----- EXTRACTED RECORDS

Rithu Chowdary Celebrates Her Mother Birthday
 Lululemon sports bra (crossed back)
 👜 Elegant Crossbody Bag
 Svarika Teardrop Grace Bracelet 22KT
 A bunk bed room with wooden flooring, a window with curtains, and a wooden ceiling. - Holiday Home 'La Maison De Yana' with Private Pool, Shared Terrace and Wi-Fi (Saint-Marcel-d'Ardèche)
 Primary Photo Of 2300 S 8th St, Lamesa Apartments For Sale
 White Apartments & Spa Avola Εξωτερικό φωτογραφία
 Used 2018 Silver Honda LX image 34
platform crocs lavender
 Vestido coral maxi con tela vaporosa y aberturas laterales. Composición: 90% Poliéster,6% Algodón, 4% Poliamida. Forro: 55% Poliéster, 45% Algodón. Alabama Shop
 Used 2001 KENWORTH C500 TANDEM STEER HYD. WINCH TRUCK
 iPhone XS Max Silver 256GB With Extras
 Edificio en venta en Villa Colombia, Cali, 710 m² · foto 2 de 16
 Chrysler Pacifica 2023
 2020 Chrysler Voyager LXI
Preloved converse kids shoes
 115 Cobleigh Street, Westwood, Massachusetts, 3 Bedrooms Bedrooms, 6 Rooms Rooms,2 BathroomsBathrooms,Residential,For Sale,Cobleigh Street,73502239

----------

**EXERCISE INSTRUCTIONS:** Which of the lines above carry the string "Used"? Copy every one.

**PROBLEM SOLUTION:**
 Used 2018 Silver Honda LX image 34
 Used 2001 KENWORTH C500 TANDEM STEER HYD. WINCH TRUCK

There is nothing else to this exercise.